De son côté, Mme Deborah Kapchan a assuré que les Gnawas ne sont pas des païens mais des musulmans pieux. Les Gnawas invoquent constamment dans leurs cantiques Dieu et le Prophète Mohammed. Les confiner dans un cadre exotique ou profane constituerait une offense pour eux, a-t-elle indiqué. Quant aux membres de la confrérie des Jilala, ils ont déclaré à la radio qu'à l'instar des groupes des Gnawas, Hmadcha ou autres, la musique des Jilala est usée à des fins thérapeutiques, soulignant que les gens qui se sentent psychiquement malades, organisent des veillées agrémentées de musique genre Jilala pour chasser les mauvais esprits.
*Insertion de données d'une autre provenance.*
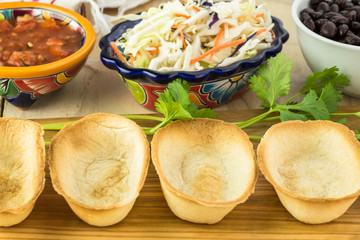Ingredients for taco boats with black beans and vegetables.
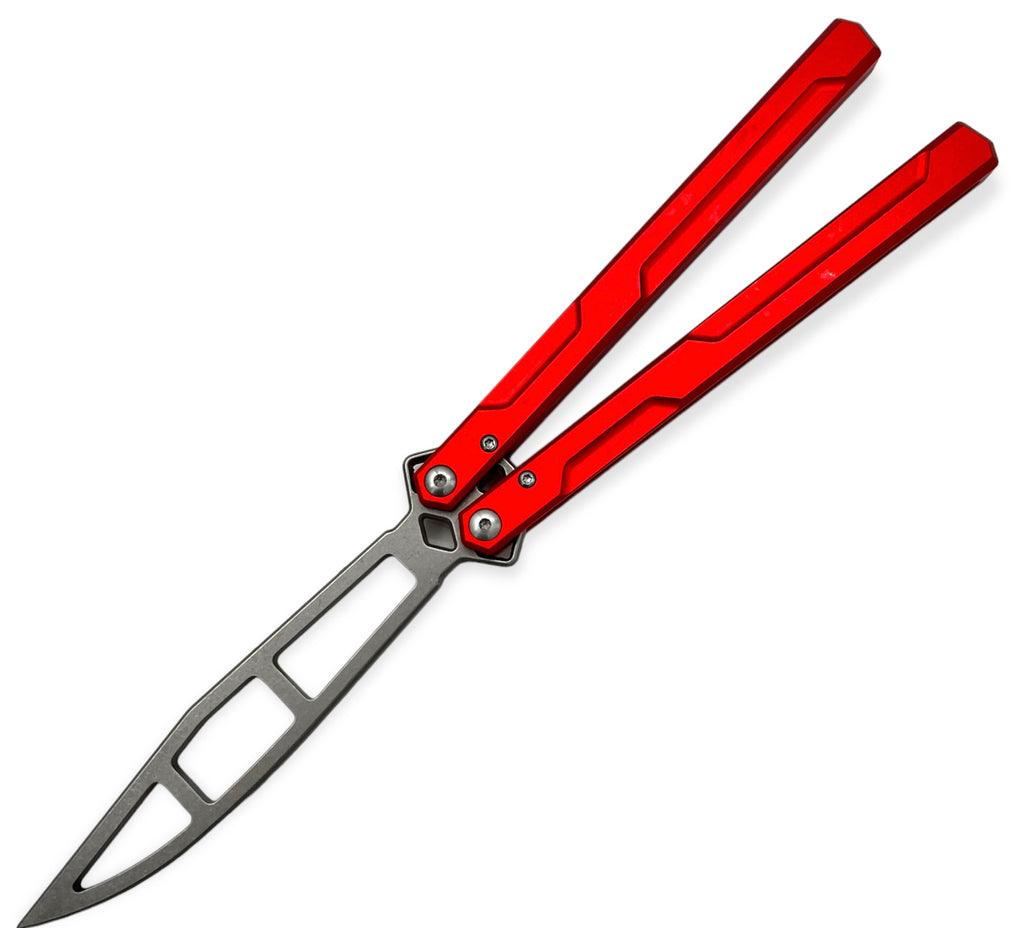 Butterfly Training Knife (Red Handle, Silver Blade)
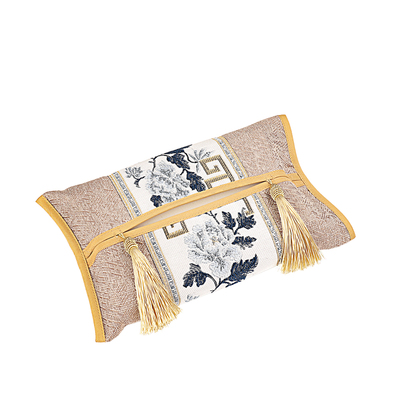 中国风手工缝制大号车载抽纸盒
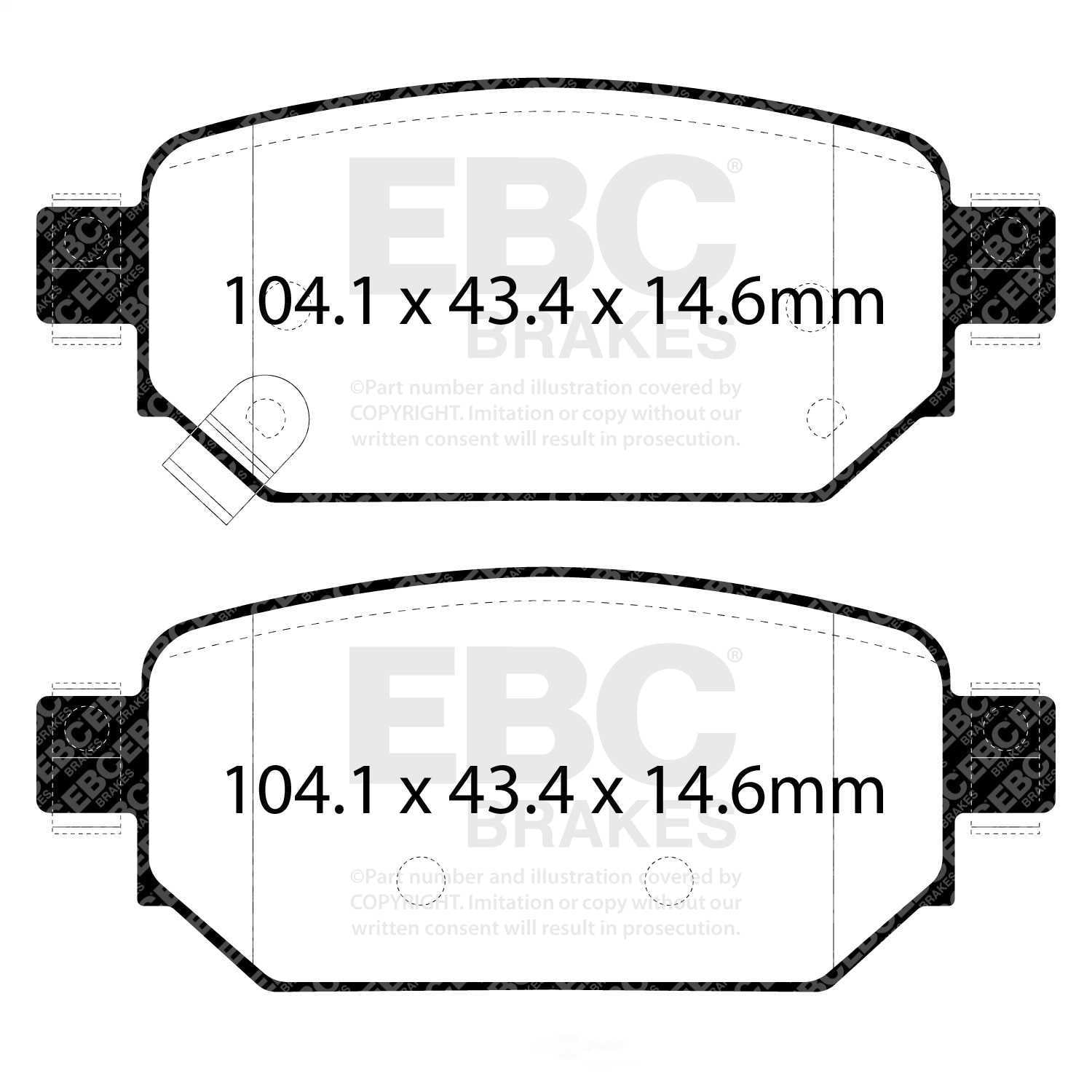 EBC Brakes Yellowstuff 4000 Series Street and Track Brake Pad Set Fits select: 2017-2019 MAZDA 3, 2016 MAZDA 3 TOURING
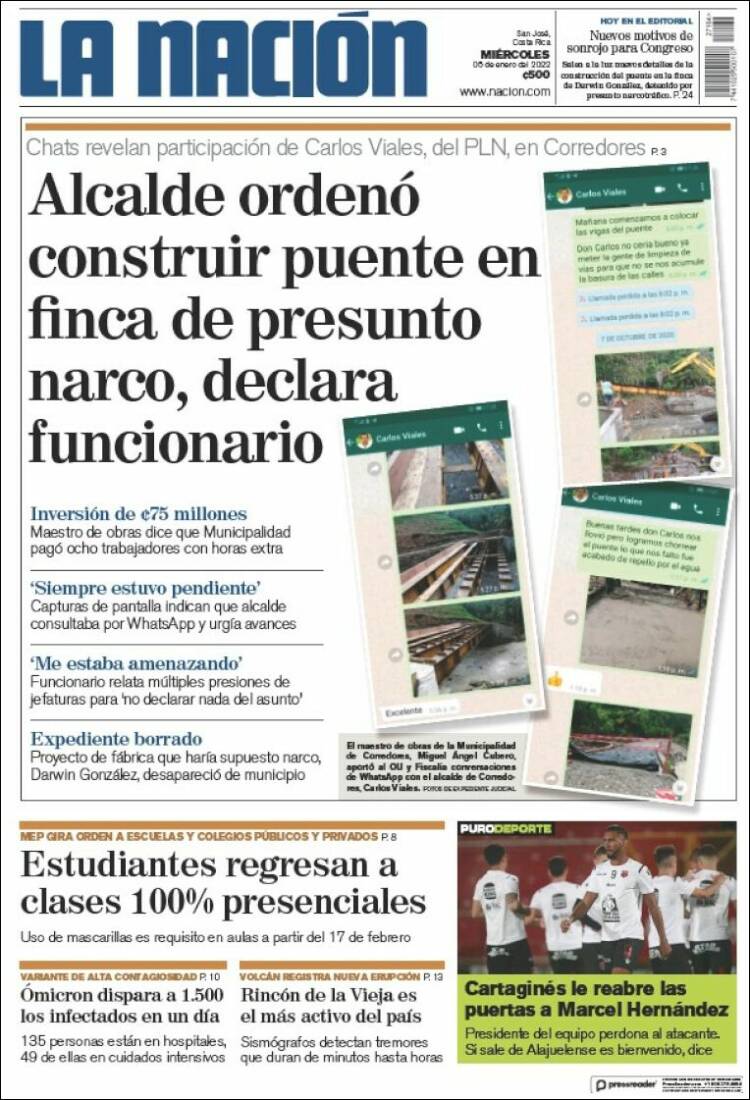 Portada de La Nación - Costa Rica (Costa Rica)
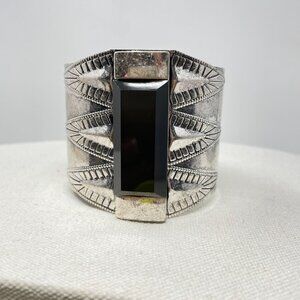 Vivi Love Silver-Tone Cuff Bracelet Boho Funky Design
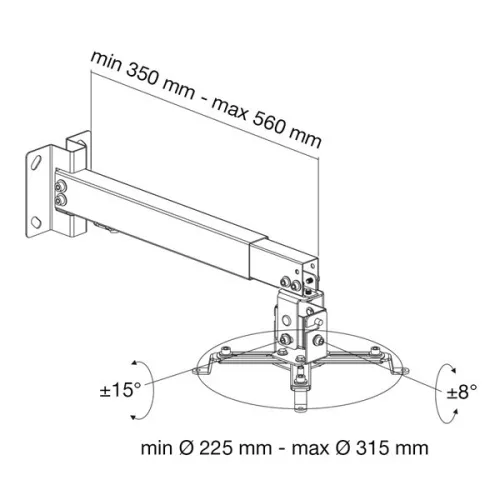 TECHLY ICA-PM 16 univerzális oldalfali / mennyezeti projektor konzol, 43-65 cm, ezüst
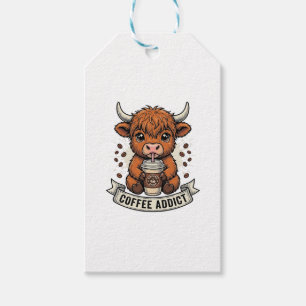 Kaffeetoter Süße Highland-Kuh Vintage-Gravur  Geschenkanhänger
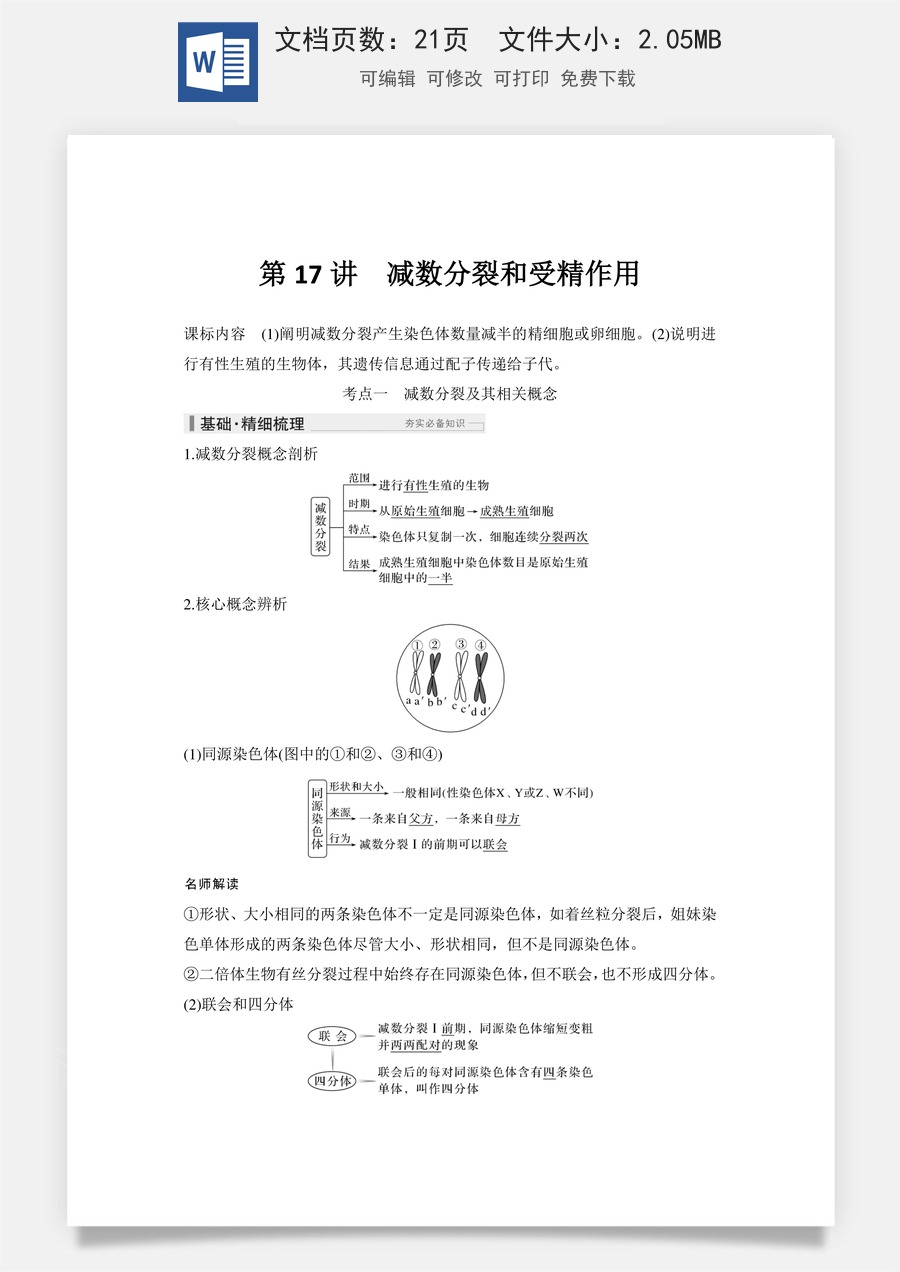 高中-高考总复习-生物-第17讲　减数分裂和受精作用.doc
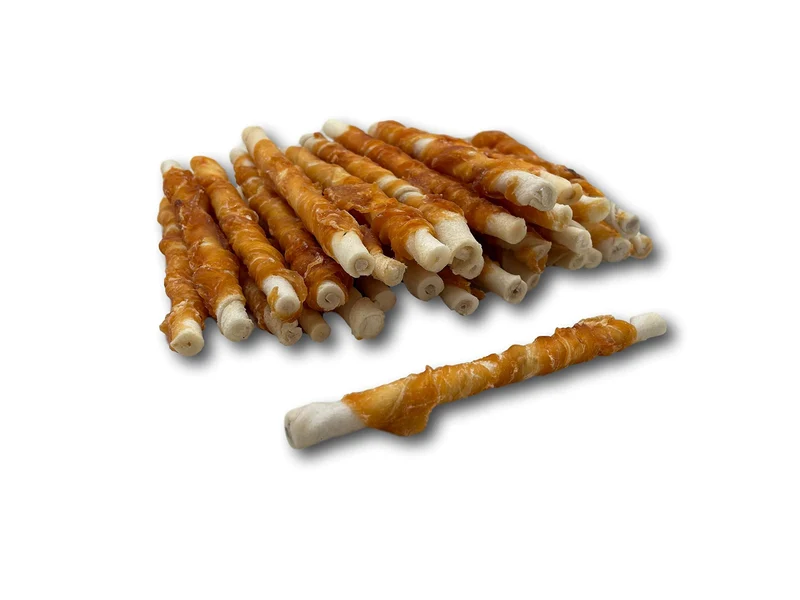 Top Dog Chews – Torsades de poulet enveloppées de rawhide (50 pièces) – Friandises naturelles pour chiens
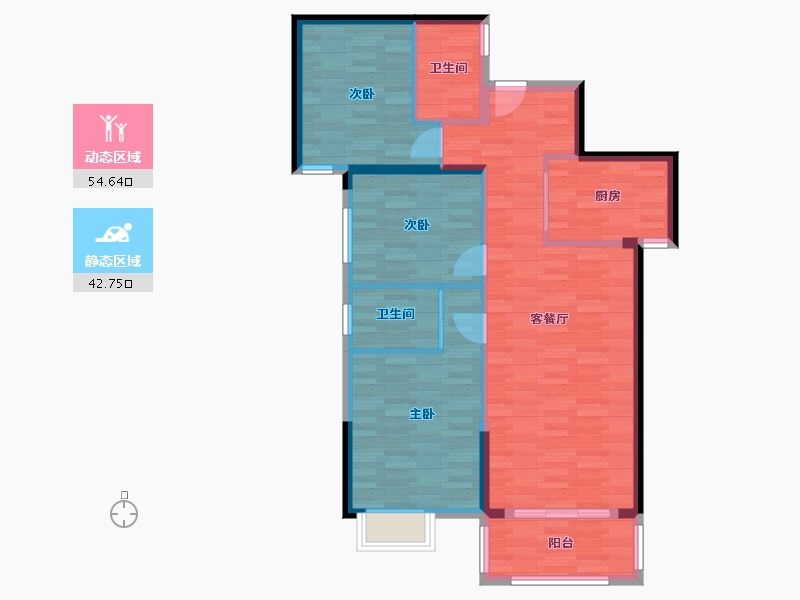 湖北省-孝感市-香港城3期-87.85-户型库-动静分区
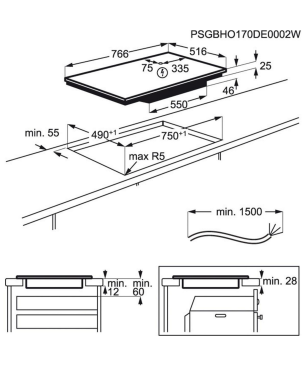 AEG 7000 SenseFry / Autarkes Induktionskochfeld / 80 cm Schwarz Induktionskochfeld (80 cm breit, 4 Kochfelder)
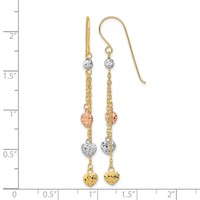 14K Tri-color Diamond-cut Triple Heart and Chain Dangle French Hook Earrings view 3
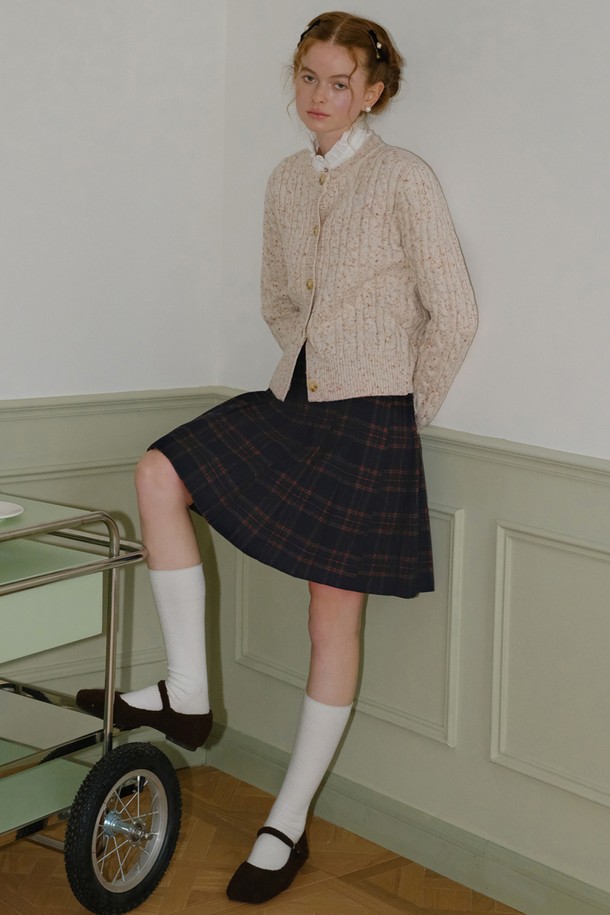 Cest Moidew - 미니스커트 - Cest_College plaid pleated skirt_NAVY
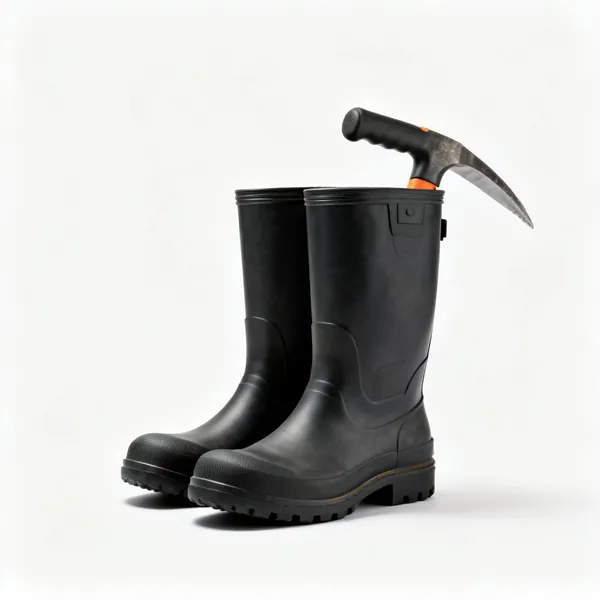 Gripping boots: A pair of soft soled roofing safety boots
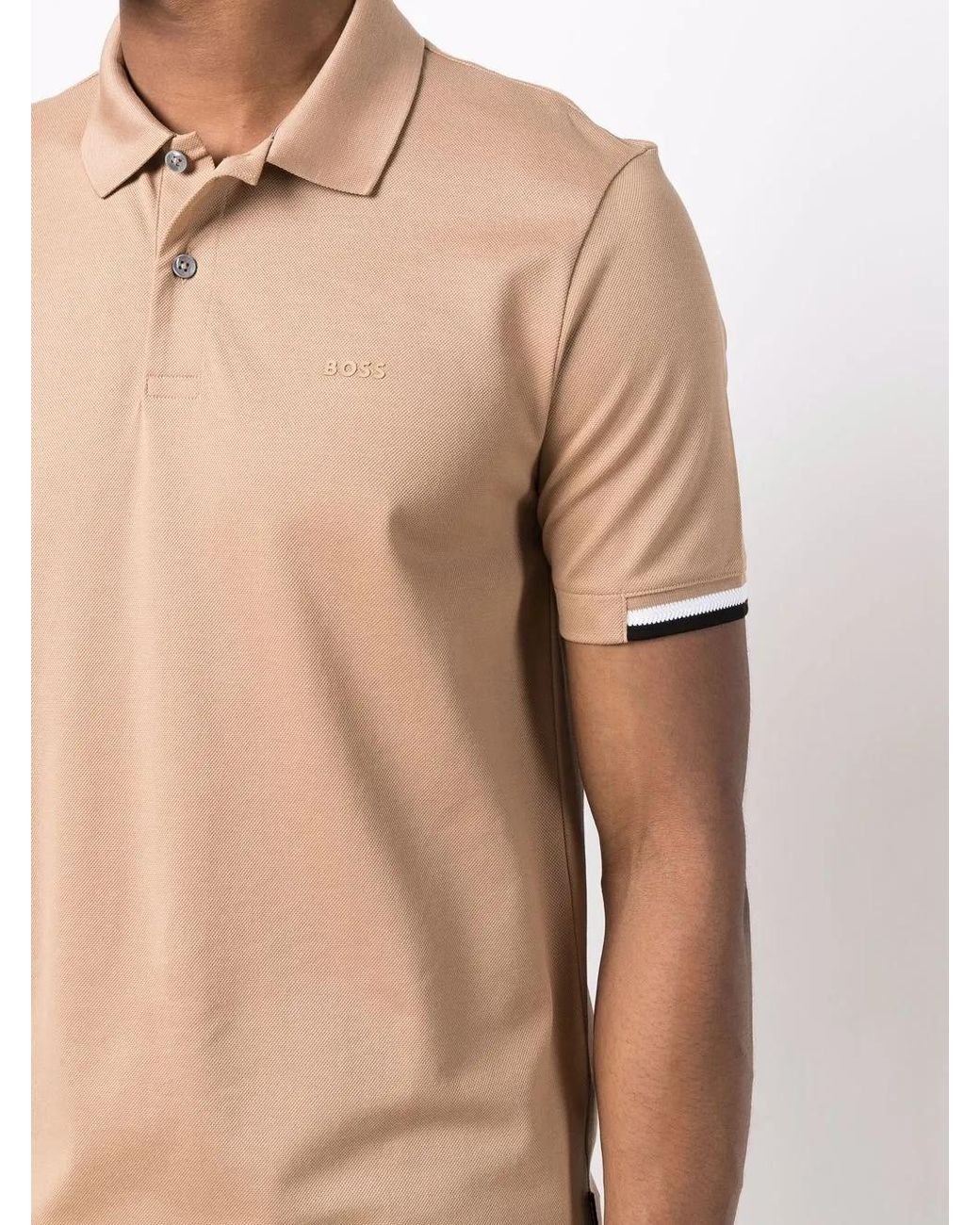 Boss Natural Boss Stripe-trimmed Polo Shirt Beige for men
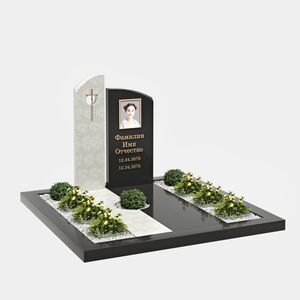 Комплекс на могилу (40-244) «Одиночный с крестом и декоративными посадками» 40-244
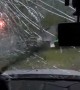 Extremely Large Hail Breaks Windshield in Texas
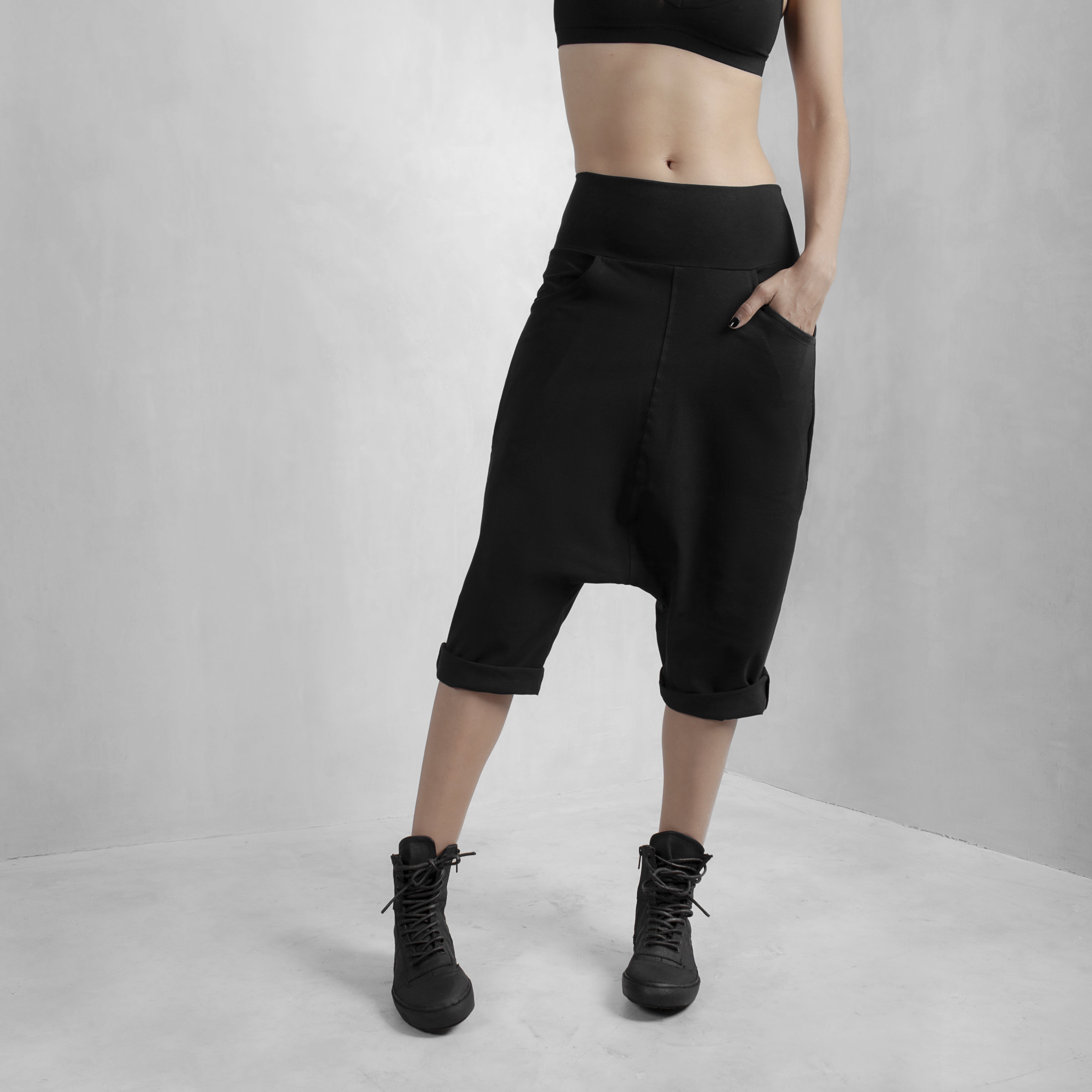 Women's Baggy Shorts Black Low Crotch Shorts Drop Crotch Etsy Australia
La radio n'a pas manqué d'évoquer le programme alléchant du 11e festival de Fès (3-11 juin 2005), qui verra, comme les précédentes éditions, la participation d'artistes célèbres tels Ravi Shankar et Anouchka Shankar, Kadem Saher, et des groupes liturgiques du Zanzibar, Ouzbékistan, Tadjikistan, Inde, Japon, France et Espagne.

Des séminaires sous l'intitulé général «une âme pour la mondialisation» sont également prévus pour débattre de divers thèmes tels que «Occident, Islam et démocratie», «Conflits culturels, médias et médiation», «L'éducation à la diversité», «Le Maroc et les cultures de la médiation», a encore précisé la radio.